I0326 19:33:14.959901 2695857 ResourceManager.cpp:1146] Importing Basis files as BC3
I0326 19:33:16.179716 2695857 simulator.py:220] Loaded navmesh data/scene_datasets/mp3d/8194nk5LbLH/8194nk5LbLH.navmesh
I0326 19:33:16.180754 2695857 simulator.py:232] Recomputing navmesh for agent's height 0.88 and radius 0.18.
W0326 19:33:16.188374 2695857 PathFinder.cpp:716] Building naavmesh before << -1 -- [9.26109,5.3914,9.69957]
W0326 19:33:16.188406 2695857 PathFinder.cpp:721] Building naavmesh  after << -1 -- [9.26109,5.3914,9.69957]
I0326 19:33:16.188418 2695857 PathFinder.cpp:407] Building navmesh with 403x274 cells
I0326 19:33:16.316104 2695857 PathFinder.cpp:675] Created navmesh with 365 vertices 183 polygons
I0326 19:33:16.316138 2695857 Simulator.cpp:767] reconstruct navmesh successful
2023-03-26 19:33:16,319 Initializing task ObjectNav-v1
2023-03-26 19:33:16,320 max object cat: 20
2023-03-26 19:33:16,321 cats: dict_values([0, 1, 2, 3, 4, 5, 6, 7, 8, 9, 10, 11, 12, 13, 14, 15, 16, 17, 18, 19, 20])

Have you ever been in a similar situation? And how long have you run the eval script?

Ram81 commented 1 year ago

Hi @dwei-k @me-no-money ,

The evaluation script runs for ~8 hours to complete evaluation on all 2k episodes. Are you still facing this issue?

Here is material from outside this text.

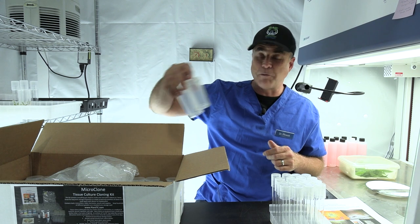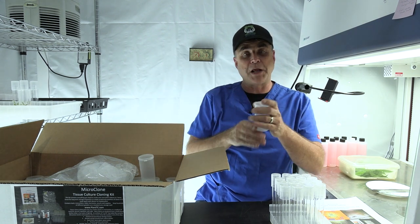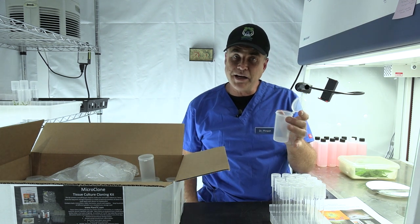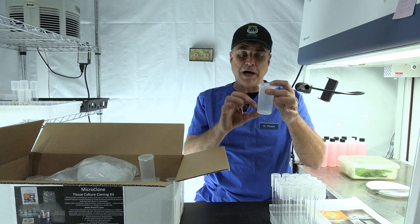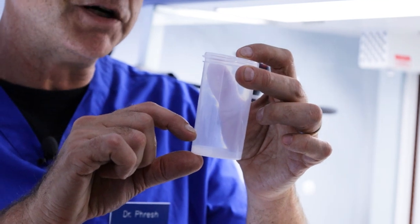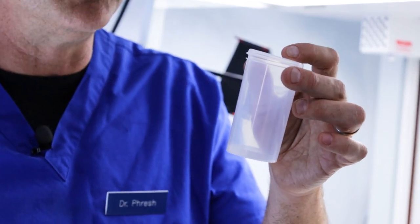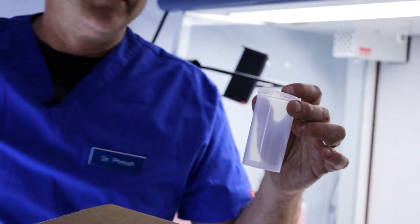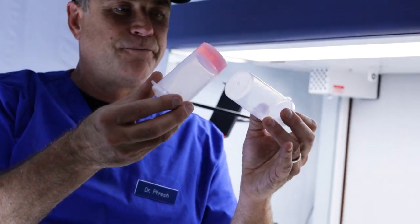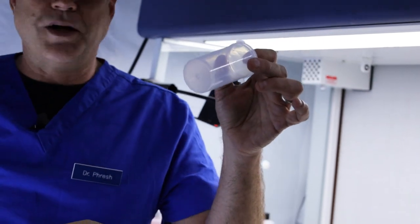We also have about 50 of these four-ounce polypropylene flip tops — everything here can be pressure sterilized. These are wonderful because we'll put about 25 or 30 mils of media in here. They'll be hardened with agar, and it'll look just like that. So this is what you're making, this is what you're starting with.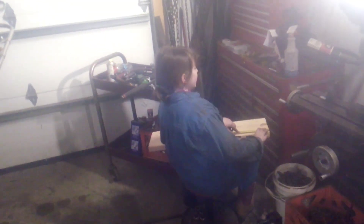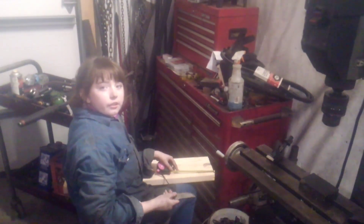All right everybody, I've got my counterpart down there. What are you making, Hannah? I'm making a knife. Let's kill this light. I'm making a knife, as you can see, and right now I am measuring for the handle. Diamond plate knife.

dwei-k commented 1 year ago

@Ram81 thank you very much for replying. I recently found that it took a extremly long time because I set num_environments by 1

Ram81 commented 1 year ago

Got it. Increasing num environments to > 1 should resolve this issue.

Closing the issue as it is resolved.